Venu s’installer à Paris en 1909 à l’âge de 25 ans, le jeune homme se fait engager en 1932 par le nouvel hebdomadaire Marianne – un journal politique et littéraire fondé par Gaston Gallimard avec Emmanuel Berl – sans lien avec le magazine homonyme que l’on connaît aujourd’hui. Durant huit ans, jusqu’à l’Occupation allemande, Marinus va faire la une avec ses images truquées d’une grande finesse, tournant en dérision Hitler et ses proches collaborateurs, Joseph Goebbels et Hermann Göring.

Mais aussi Mussolini, Staline, Roosevelt, Daladier ­– président français du Conseil ­– ou encore Chamberlain, Premier ministre britannique de l’époque, célèbre pour ses tentatives d’apaisement…

Inspiré par la peinture classique comme par le cinéma, à coups de colle et de ciseaux, ce photojournaliste dresse un portrait sans concession des grands de ce monde et de leur aveuglement, avec une bluffante habileté.

“Ce qui est passionnant, c’est ce triple regard, journalistique, artistique et géopolitique, commente Justine Decool, chargée de l’exposition.
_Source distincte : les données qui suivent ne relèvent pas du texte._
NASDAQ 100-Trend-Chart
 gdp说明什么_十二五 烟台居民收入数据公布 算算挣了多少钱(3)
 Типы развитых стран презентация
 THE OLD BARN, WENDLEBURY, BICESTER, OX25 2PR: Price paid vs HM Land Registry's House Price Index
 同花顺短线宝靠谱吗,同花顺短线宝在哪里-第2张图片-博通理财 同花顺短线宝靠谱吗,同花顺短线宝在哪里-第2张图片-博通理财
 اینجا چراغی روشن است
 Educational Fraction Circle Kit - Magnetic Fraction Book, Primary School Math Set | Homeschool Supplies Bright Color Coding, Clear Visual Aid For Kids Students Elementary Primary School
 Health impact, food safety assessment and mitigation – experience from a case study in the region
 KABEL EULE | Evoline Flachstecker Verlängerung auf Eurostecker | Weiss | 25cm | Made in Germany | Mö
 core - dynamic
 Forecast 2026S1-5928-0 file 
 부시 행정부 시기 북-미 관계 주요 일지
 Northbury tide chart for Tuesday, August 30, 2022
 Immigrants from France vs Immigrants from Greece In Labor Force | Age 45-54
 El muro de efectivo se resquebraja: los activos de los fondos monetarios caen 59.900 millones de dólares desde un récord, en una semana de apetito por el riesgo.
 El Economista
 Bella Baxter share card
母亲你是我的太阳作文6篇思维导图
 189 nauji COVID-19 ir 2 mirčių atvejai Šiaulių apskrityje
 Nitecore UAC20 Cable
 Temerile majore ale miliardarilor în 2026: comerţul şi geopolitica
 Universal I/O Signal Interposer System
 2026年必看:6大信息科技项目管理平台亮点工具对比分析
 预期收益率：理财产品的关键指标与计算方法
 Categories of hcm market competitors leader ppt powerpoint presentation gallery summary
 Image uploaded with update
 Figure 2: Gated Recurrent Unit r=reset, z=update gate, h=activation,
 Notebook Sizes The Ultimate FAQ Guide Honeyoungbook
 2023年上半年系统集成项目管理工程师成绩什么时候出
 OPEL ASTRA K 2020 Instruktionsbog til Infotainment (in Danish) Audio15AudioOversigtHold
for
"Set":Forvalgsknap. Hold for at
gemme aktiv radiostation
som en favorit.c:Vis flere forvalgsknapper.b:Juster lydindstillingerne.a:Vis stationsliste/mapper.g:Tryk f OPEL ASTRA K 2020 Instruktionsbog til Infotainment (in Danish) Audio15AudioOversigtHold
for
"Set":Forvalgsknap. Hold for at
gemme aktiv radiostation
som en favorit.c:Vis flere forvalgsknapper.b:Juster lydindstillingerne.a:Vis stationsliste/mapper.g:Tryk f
Marinus était souvent visionnaire !”

À peine débarquée à Paris en juin 1940, l’armée allemande s’est d’ailleurs précipitée dans les locaux de Marianne : le montage figurant le Führer en King Kong avait fait grand bruit en 1933 en Allemagne.

Heureusement pour lui, Marinus s’était déjà enfui et continua de se faire oublier jusqu’à sa mort, en 1964. Une trentaine de photomontages, accompagnés des Marianne originaux et des notices très pédagogiques, font revivre ce témoin passionnant de notre histoire récente.

Bien avant l’invention de Photoshop, le musée nous rappelle aussi le pouvoir de manipulation des images.

 

 QUELQUES PHOTOMONTAGES 

Photomontage Ben-Hur.
« Une » du journal Marianne du 13 septembre 1939.
« Une » du journal Marianne du 19 avril 1939.
Photomontage L’Horloge de la paix, bientôt moins cinq.
Photomontage Rien que la terre…
Photomontage Cabrioles.
Photomontage Vers l’aventure.
Photomontage « Vôlez-vous jouer avec moâ, M. Hitler ?
Portrait de Marinus Jacob Kjekgaard.

PRATIQUE

« Marinus, photomontages satiriques, 1932-1940 »

Jusqu’au 21 octobre.

Musée de la Résistance et de la Déportation de l’Isère.

Entrée libre.
 

Musée de la Résistance et de la Déportation de l'Isère

 

 REPÈRES 

L'ART DU PHOTOMONTAGE

La technique du collage photographique remonte à la fin du XIXe siècle. Mais les dadaïstes, un mouvement artistique proche des surréalistes, furent les premiers à en faire un moyen d’expression à part entière à partir de 1919.

L’Union soviétique y recourut aussi abondamment pour propager la doctrine communiste. Contrairement à son contemporain berlinois John Heartfield, Marinus ne se revendiqua jamais dadaïste.